Beim neuen Wiener "Tatort" geht es um einen Mord im Clan-Milieu. Der Einsatz ist auch deswegen spannend, weil reale Ermittlungen gegen die Mafia der Hintergrund sind.

"Da hat's ausnahmsweise mal den Richtigen erwischt", sagt Ermittlerin Bibi Fellner (Adele Neuhauser) über den Toten, der den neuen Wiener "Tatort"-Krimi in Gang bringt. Vor einem Club in einem farblosen Gewerbegebiet liegt der Bruder eines georgischen Mafia-Paten neben seiner Luxuskarosse. Die klassische Krimi-Frage, wer ihn erschossen hat, rückt dieses Mal über weite Strecken in den Hintergrund. Stattdessen präsentieren Drehbuchautorin Sarah Wassermair und Regisseur Dominik Hartl am Pfingstmontag um 20.15 Uhr im Ersten mit der Episode "Azra" einen Polizei-Thriller, der in die Grauzone zwischen Kriminellen und Gesetzeshütern eintaucht.

Clan-Milieu mit Informantin

Azra, so heißt die junge V-Person, die schon vor einiger Zeit in den georgischen Clan eingeschleust wurde. Als Polizei-Informantin aus schwierigen Verhältnissen zeigt die Wiener Schauspielerin Mariam Hage eine beeindruckende darstellerische Bandbreite - vom Wiener Schmäh über beinharte Coolness bis zur puren Verzweiflung.

Bislang hatte Azra die Aufgabe, Informationen für Wirtschaftsermittler der Polizei zu sammeln, die dem Clan auf der Spur sind. Nun wird sie von Fellner und ihrem langjährigen Kollegen Moritz Eisner (Harald Krassnitzer) zusätzlich auf den Mordfall angesetzt - ein hochriskanter Plan, wie sich schon bald herausstellt. Denn falls Azra auffliegt, "dann suchen wir nicht nach einer Vermissten, sondern nach einem flachen Grab im Wald", wie es Polizeioberst Ernst Rauter (Hubert Kramar) ausdrückt.

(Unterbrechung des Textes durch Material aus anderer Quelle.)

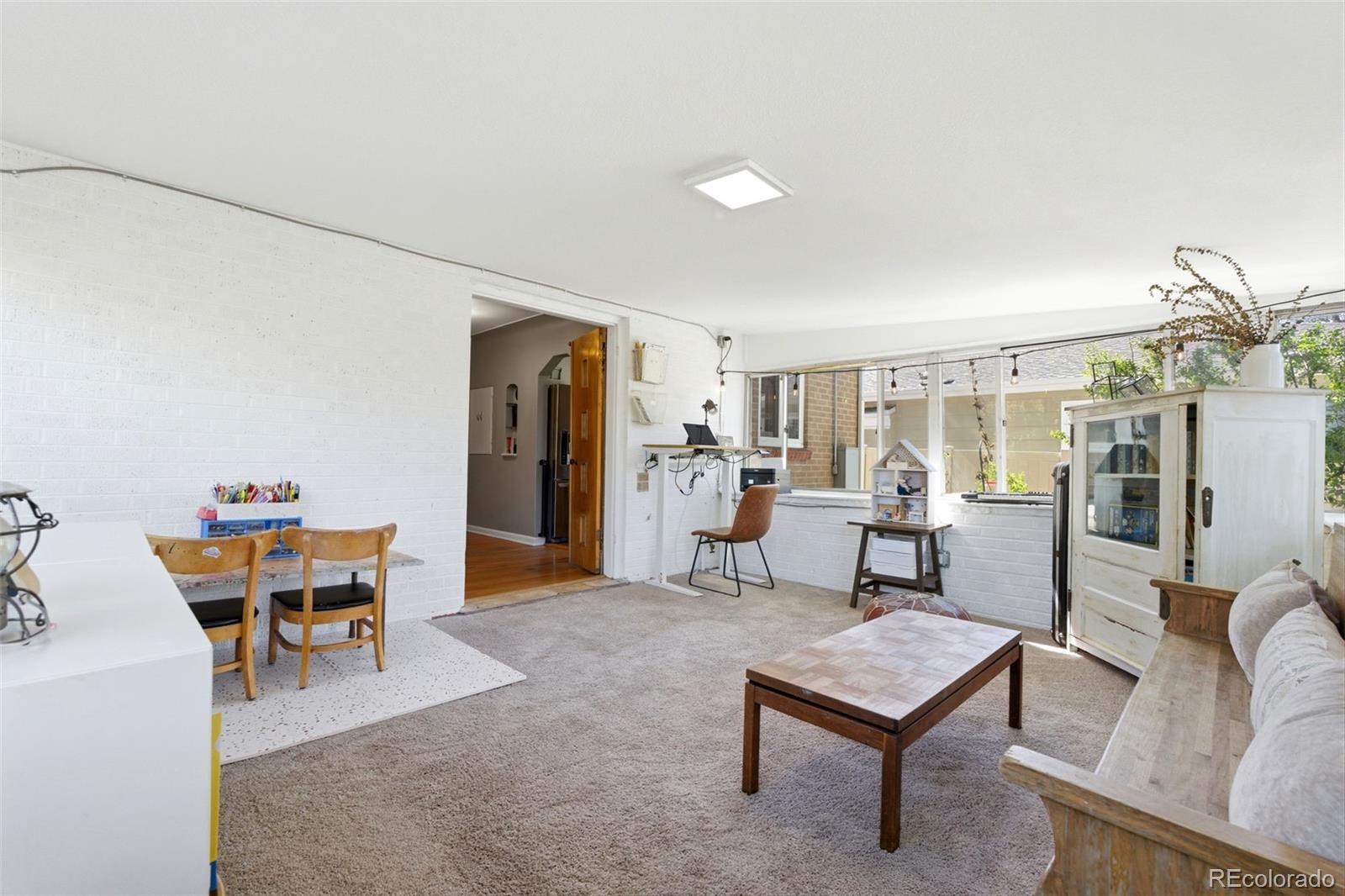 1365 Oneida Street Denver CO 80220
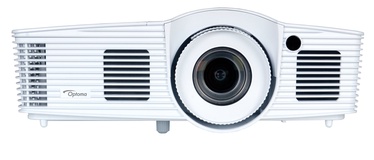 Optoma WU416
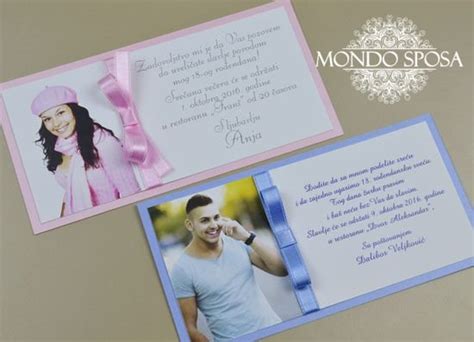 18th Birthday Invitations Mondosposa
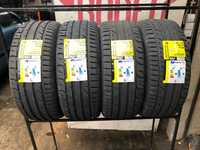 225/45R18 Cztery nowe opony letnie  KORMORAN Ultra High Performance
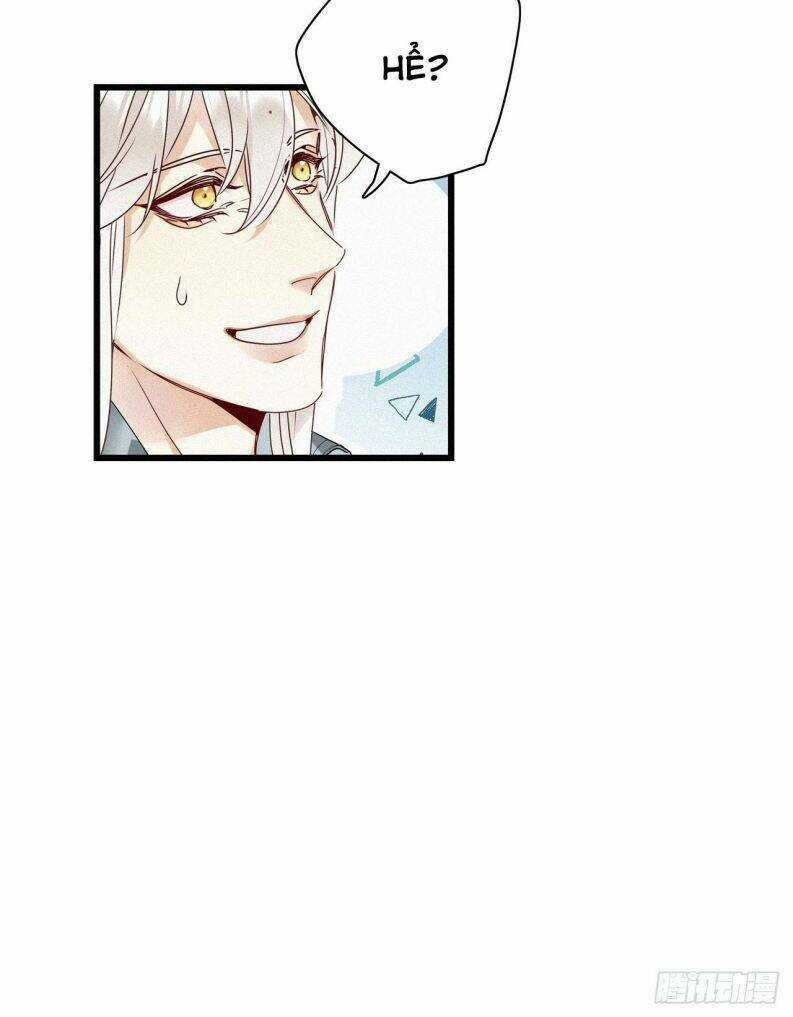 Thỉnh Quân Nhập Quái Chapter 23 trang 37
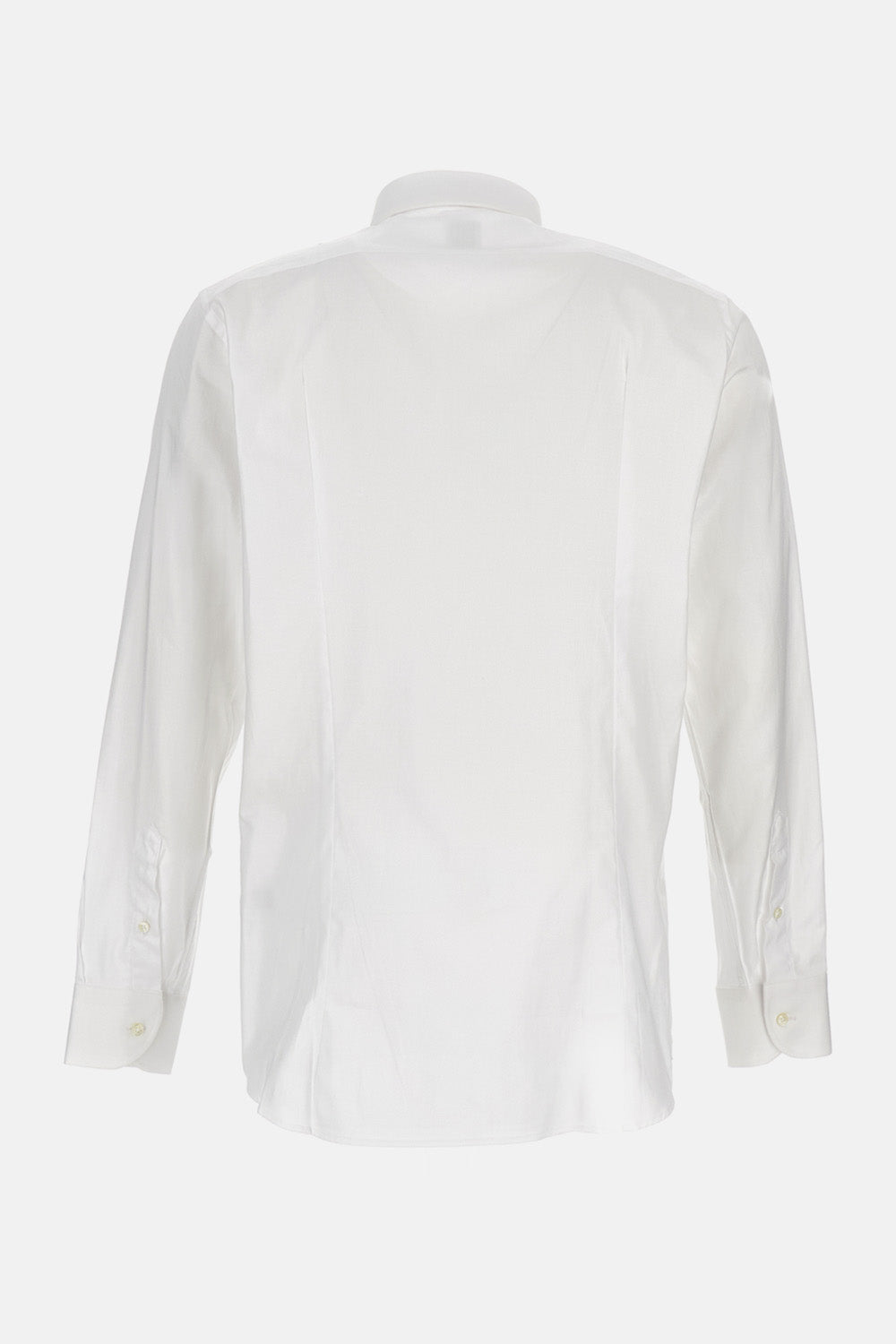 CLASSIC VALTER SHIRT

Mit der risikofreudigen Azra stürzen die Ermittler nicht nur in gefährliche Situationen, sondern geraten auch in ein moralisches Dilemma: Was wiegt die Sicherheit einer V-Person gegen die Chance, der organisierten Kriminalität einen Schlag zu versetzen?

Die wahre Geschichte hinter dem Fall

Die Geschichte hat eine wahre Inspirationsquelle: Im Jahr 2010 wurden in der europaweiten Polizeioperation "Java" Dutzende Verdächtige verhaftet, die der georgischen organisierten Kriminalität zugeordnet wurden. Im Zentrum der Ermittlungen standen vor allem Eigentumsdelikte in großem Stil. Die österreichische Polizei ging damals davon aus, dass 30 Prozent aller Einbrüche in Wien seit 2009 auf das Konto der Organisation gegangen waren.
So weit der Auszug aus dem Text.